Viaggio tra le parole alla ricerca del senso perduto
Riceviamo e pubblichiamo:
Incapace di definire una mappa completa e articolata di radici lessicali e di probabili etimi da collegare attraverso la ramificazione semantica, continuerò a procedere per campionature. Partendo da gruppi di parole della stessa famiglia. E quale avvio migliore se non cercare le affinità semantiche tra le parole che usiamo più frequentemente, le quali, apparentemente lontane sul piano del significato, mostrano invece nella struttura fonologica una comune origine. In questa ricerca ci può essere d’aiuto la pagina del dizionario dove più dense sono le ricorrenze fonetiche che rendono probabile se non evidente questa loro appartenenza. Il criterio, infatti, della organizzazione dei lemmi nel dizionario è quello dell’ordine “alfabetico”, costruito proprio sulla componente fonologica delle parole.
Perciò oggi ho scelto di partire da una pagina del vocabolario di latino, in cui si trovano le parole legate al verbo vìgeo/vigère. Si tratta di un verbo intransitivo, cioè tale che, per completare il suo significato, non richiede nessun elemento lessicale aggiuntivo (il tradizionale complemento oggetto): basta il soggetto affinché il verbo esaurisca la sua capacità di significare. Vìgeo/vigère significa essenzialmente: aver vigore, essere pieno di vita. Poi, anche, continuare ad aver vigore, continuare ad essere forte, continuare a vivere. Da qui l’area del significato si espande per metafora a tante altre situazioni che il vocabolario, per darne l’ampiezza, documenta con esempi della lingua (le cosiddette espressioni idiomatiche).
Nella stessa pagina trovo il verbo vigesco (dove il suffisso –sco modifica l’aspetto del verbo e gli aggiunge la parte di significato che possiamo sintetizzare nelle parole “inizio a …” oppure “divento …“ . Quello che si dice aspetto incipiente del verbo, cioè: azione che comincia. Quindi: “prendo vigore”, oppure “riprendo vigore”. Poi trovo l’aggettivo vigil, che significa “in forza” e per traslato “sveglio”, “vigile”. Da vigil si forma un altro verbo: vigilo/vigilare (vegliare). Poi c’è il sostantivo vigor (vigore, forza, energia, forza vitale; con tutte le espansioni originate dalla pratica dell’uso attraverso la metafora).
Vigil (“che è sveglio” o “che tiene sveglio”), vigilare (“vegliare”; ma anche “sorvegliare”), vigilia (“lo stare sveglio”). Notiamo già che il significato originario va trasformandosi verso un diverso contenuto semantico: quello della funzione e dell’attività della guardia. In italiano, infatti abbiamo: il vigile, l’azione del vigilare, e (implicitamente) anche la sorveglianza notturna.
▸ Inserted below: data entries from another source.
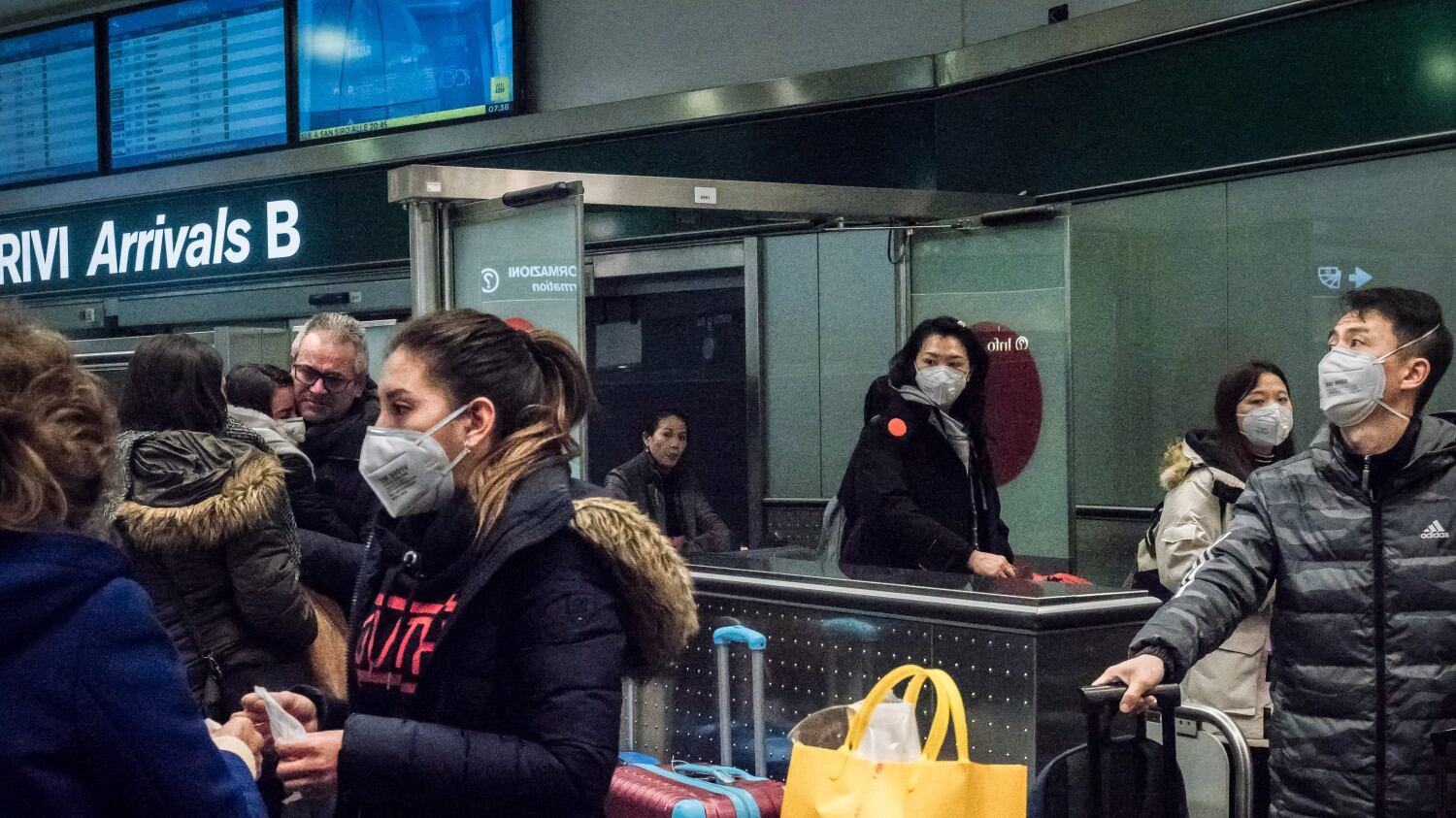 Coronavirus, il viceministro Sileri: "Le mascherine non servono"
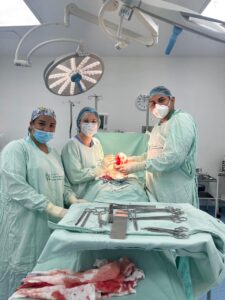 Equipo médico del hospital Nuestra Señora de los Remedios realizó exitosa operación de retiro de un tumor gigante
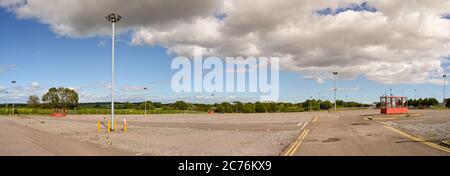 Cardiff, pays de Galles - juillet 2020 : parking de longue durée déserté à l'aéroport de Cardiff, pays de Galles. Si ce n'est pas le cas pour le coronavirus, le parking sera plein pour l'été Banque D'Images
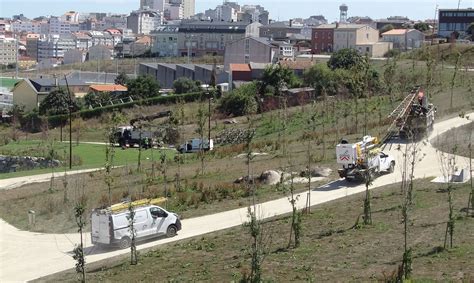 La actualidad de Coruña en imágenes Retirada de las lineas de media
Così del vigeo iniziale, nella lingua italiana è rimasto (quasi) solo il participio vigente, cioè “in forza”, “in atto”, “in corso”, o meglio, in vigore, come diciamo generalmente quando parliamo di leggi o di monete. Cioè: che vale ancora.
Vigilia, invece, che come termine tecnico era passato ad indicare la guardia notturna, e, anche, la persona che la faceva (la sentinella), nonché il turno stesso, e la durata in termini di ore del turno di guardia (prima vigilia; seconda vigilia; ecc.), come vocabolo è rimasto identico anche nella lingua italiana; ma con la differenza che, a causa dell’uso che se ne faceva durante le feste importanti (per indicare la veglia dalla sera del giorno precedente fino all’alba della festa) è andato ad indicare: “giorno precedente una solennità”. Come, ad esempio, vigilia di Natale. Da vigilia (veglia) – attraverso il verbo ex-vigilare – si passò al verbo provenzale “ex-velhar”. E da qui il nostro “svegliare”.